Quando se refere aos procedimentos formais que estruturam a tomada de decisões sociais, o autor se refere a lei e o direito, que nas suas formas atuais, estão, de maneira esmagadora, ao serviço de uma sociedade em expansão indefinida e o processo pelo qual os homens decidem quanto ao que devem fazer encontra-se atualmente subjugado pela ideologia da produtividade: é preciso produzir mais, mais saber e decisões, mais bens e serviços O corpo de leis que regulam uma sociedade industrial refletem inevitavelmente a ideologia, as características e a estrutura de classe, ao mesmo tempo que a reforçam e asseguram a sua superprodução. Independente de sua ideologia, qualquer sociedade moderna situa sempre o bem comum na ordem do mais: mais poder para as empresa e os peritos, mais consumo para o usuário.

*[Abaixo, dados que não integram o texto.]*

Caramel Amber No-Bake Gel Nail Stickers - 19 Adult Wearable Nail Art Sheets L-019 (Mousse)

Pensando num epílogo para a era industrial, o autor conjectura: se num futuro próximo, a humanidade não delimitar o impacto de sua instrumentalização sobre o ambiente e não puser em ação um controle eficaz de nascimentos, os nossos descendentes conhecerão o espantoso apocalipse vaticinado por muitos ecologistas e que a sociedade pode delimitar a sua sobrevivência dentro dos limites fixados e reforçados por uma ditadura burocrática, ou então reagir politicamente à ameaça, recorrendo aos processos jurídico e político.

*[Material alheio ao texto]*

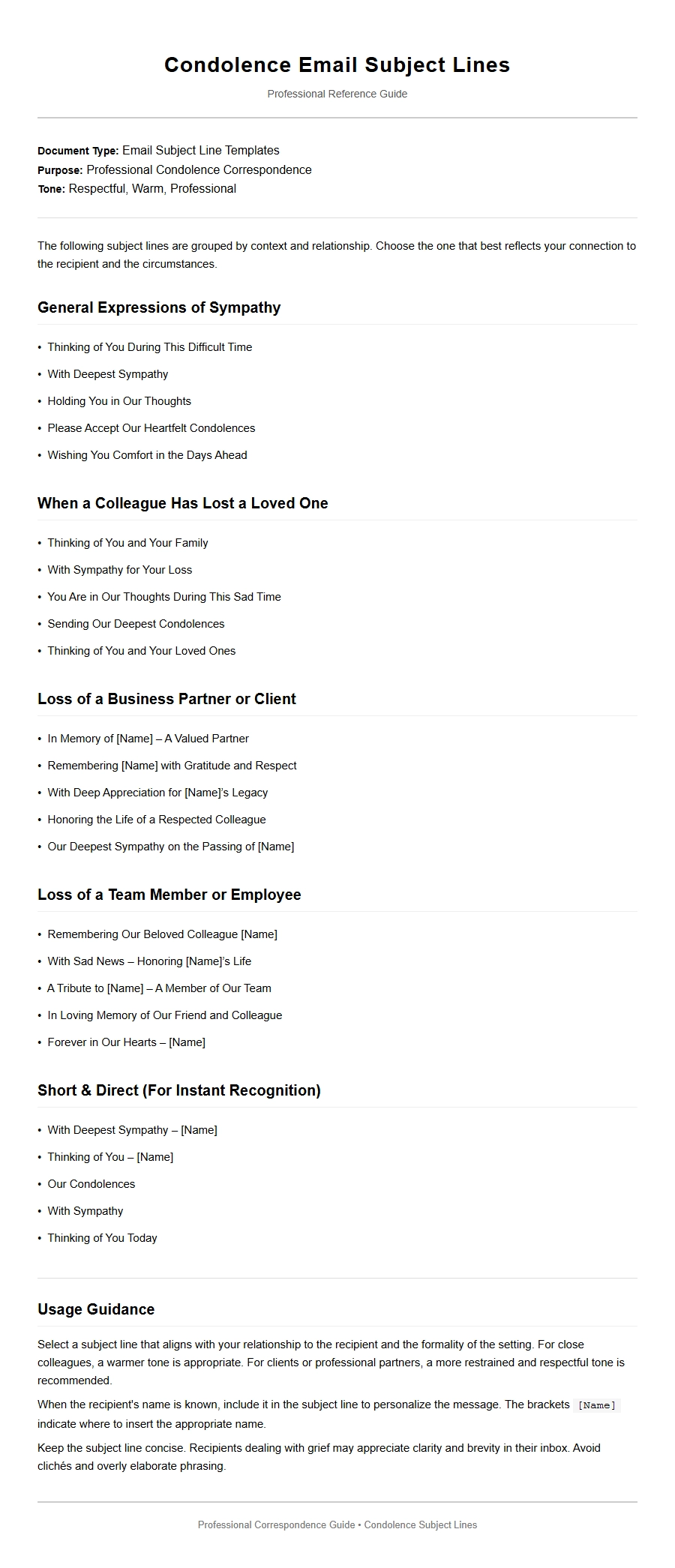 Professional Condolence Email Subject Lines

Para ele, o crescimento irá parar por si mesmo, pois as instituições que julgam estabiliza-lo e harmoniza-lo afinando os mecanismos e os sistemas de controle, não fazem senão precipitar a mega-máquina institucional para o segundo limiar de mutação. Dentro de muito pouco tempo, a população perderá a confiança, não só nas instituições dominantes, mas também nos gestores da crise. O poder que as instituições têm para definir os valores, desvanecer-se-á repentinamente quando se reconhecer o seu caráter ilusório, e ainda, um acontecimento imprevisível e provavelmente menor, servirá de detonador da crise e porá em evidência a contradição estrutural onde tenta-se promover uma era ao mesmo tempo hiper industrial e ecologicamente realizável.